サンプラザ中野だー!

 相場は盛り下がりだしたようだ。しかし驚くことはない。例年、年が明けてしばらくすると下がるものだ。去年もそう思っていた。しかし去年は年が明けても意外に強かった。だからつい持ち続けてしまった。そしてやってきたのが「ライブドアショック」だ。あれからずっと俺の相場は冷え込んでいるよ。という盛り上がらない話は置いておこう。冒頭の「盛り上がってきている」もの。それは映画「不都合な真実」なのである。

 それはドキュメンタリー映画である。ブッシュ氏と大統領の座を争ったアル・ゴア氏の映画である。地球温暖化を提示・告発した映画である。京都議定書にサインしていないアメリカ合衆国で作られた映画である。京都議定書の存在なんかこれっぽっちも知らないであろう合衆国民のための映画である。そして地球市民の私たちのための映画でもある。いよいよ1月20日から全国公開の映画なのである。

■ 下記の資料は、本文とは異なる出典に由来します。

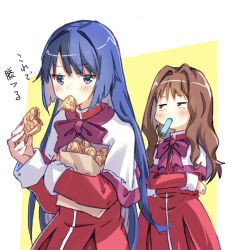 Rule 34 | 2girls, akayama yukihe, bag, blue eyes, blue hair, blunt bangs, blunt ends, blush, bow, bowtie, brown eyes, brown hair, capelet, commentary request, cowboy shot, crossed arms, dress, food, food in mouth, hair between eyes, hair intakes, highres, hime cut, holding, holding bag, holding food, jitome, kanon, long hair, looking at viewer, looking to the side, minase nayuki, misaka kaori, multiple girls, popsicle, popsicle in mouth, red bow, red bowtie, red dress, school uniform, sidelocks, simple background, sketch, straight hair, taiyaki, translation request, very long hair, wagashi, wavy hair, white background, white capelet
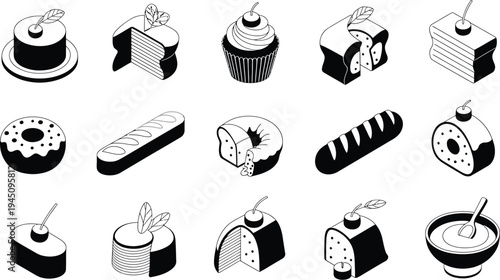 Assorted black and white illustrations of various baked goods and desserts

 年々強大になるハリケーン。失われていく氷河。消えてしまったキリマンジャロの万年雪。溶け出したシベリアの永久凍土。まもなく消滅する北極海の氷。水没するマンハッタン。これらを映像で観て欲しい。シミュレーション映像のものもあるが、とにかく観て欲しい。ブッシュ大統領は「石油利権大統領」だと思う。そのために戦争も仕掛けた。911すら、自作自演ではないかと言われているほどだ。だから京都議定書にサインはできない。サインしちゃったら石油の消費を抑えざるを得ないからだ。だけど「そんなこと言っている場合じゃないよ」「もうやばいよ」とアル・ゴア氏は献身的に公演をして回っている。世界中を。

 昨年石油の値段が大幅に上がった。ブッシュ一派は儲かったはずだ。だけどロシアや中東も儲かった。だから特にロシアの発言力が強くなってきているようだ。90年代から続いてきたアメリカの一人勝ち時代が終わろうとしている。たぶん。だからアメリカはイラク政策を転換しようとしている。そしてイランにも手を出せないでいるのだ。イラク政策のついでに「対温暖化政策」も変更して欲しいぞ。京都議定書にサインをするのだ、ブッシュ氏。

 石油の値段が上がったことでアメリカの消費者が燃費を気にするようになった。そして日本車の売れ行きが好調なのだ。これは良い転換点になるのではないか?為政者の意図しないところで市民の意識が変化しだしたのだ。「燃費意識」と「不都合な真実」でこの人類最大の危機を乗り切るのだ。それしかないと思うのだ。